==== MATERIAL TO PROCESS ====

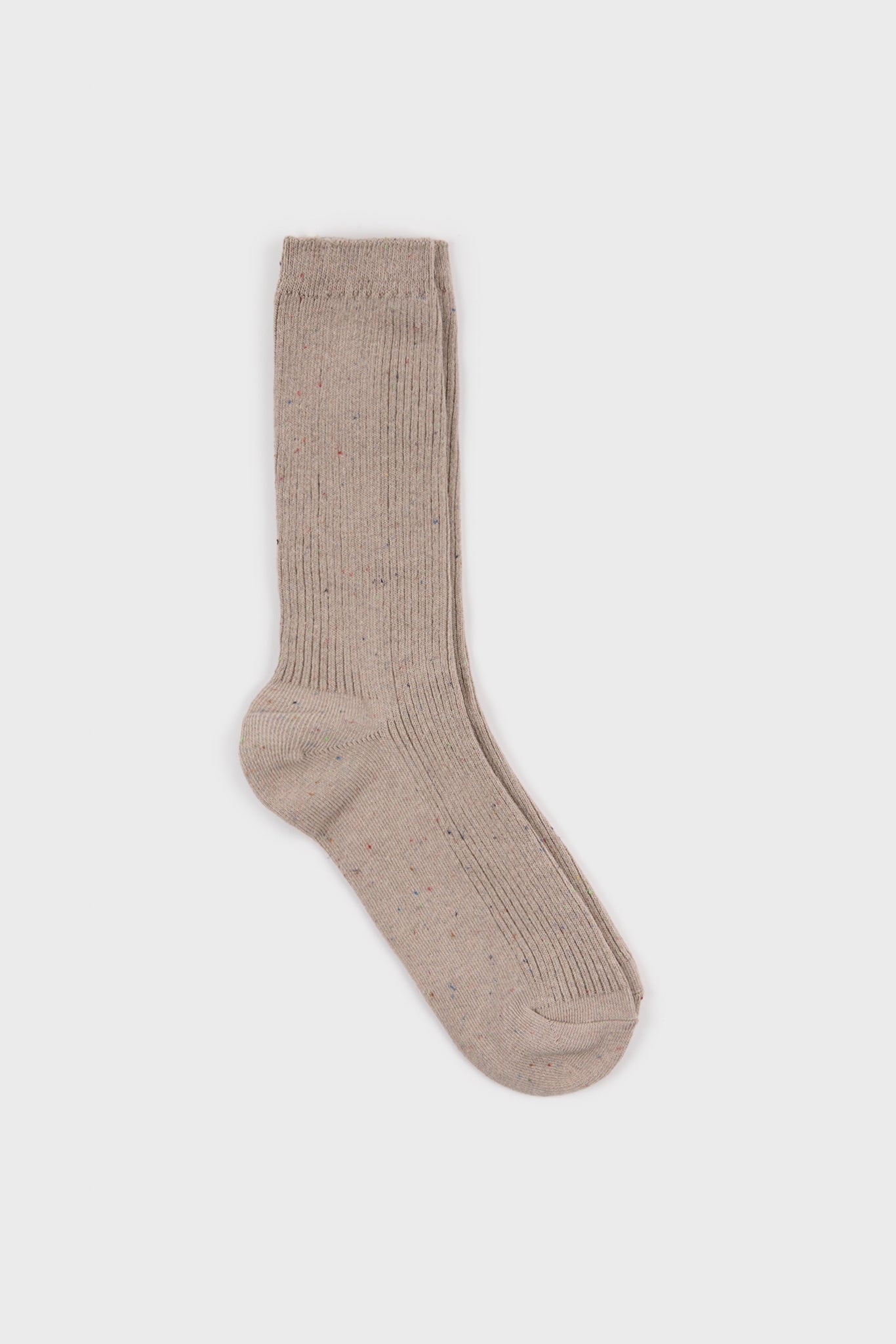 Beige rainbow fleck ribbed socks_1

====
==== MATERIAL TO PROCESS ====

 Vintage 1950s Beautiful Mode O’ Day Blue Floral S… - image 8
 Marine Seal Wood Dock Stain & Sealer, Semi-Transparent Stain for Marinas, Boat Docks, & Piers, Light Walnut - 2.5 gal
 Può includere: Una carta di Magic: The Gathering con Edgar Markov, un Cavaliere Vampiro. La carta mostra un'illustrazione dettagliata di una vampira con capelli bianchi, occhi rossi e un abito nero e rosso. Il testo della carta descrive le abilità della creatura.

====
==== MATERIAL TO PROCESS ====

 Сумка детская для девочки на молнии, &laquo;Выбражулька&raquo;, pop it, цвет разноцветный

====

# [TASK STATEMENT]
Write out exactly the lines above from the line with "Vintage 1950s Beautiful" through the line with "Marine Seal Wood", both of them included, and leave out all other lines.

# [YOUR RESPONSE]
 Vintage 1950s Beautiful Mode O’ Day Blue Floral S… - image 8
 Marine Seal Wood Dock Stain & Sealer, Semi-Transparent Stain for Marinas, Boat Docks, & Piers, Light Walnut - 2.5 gal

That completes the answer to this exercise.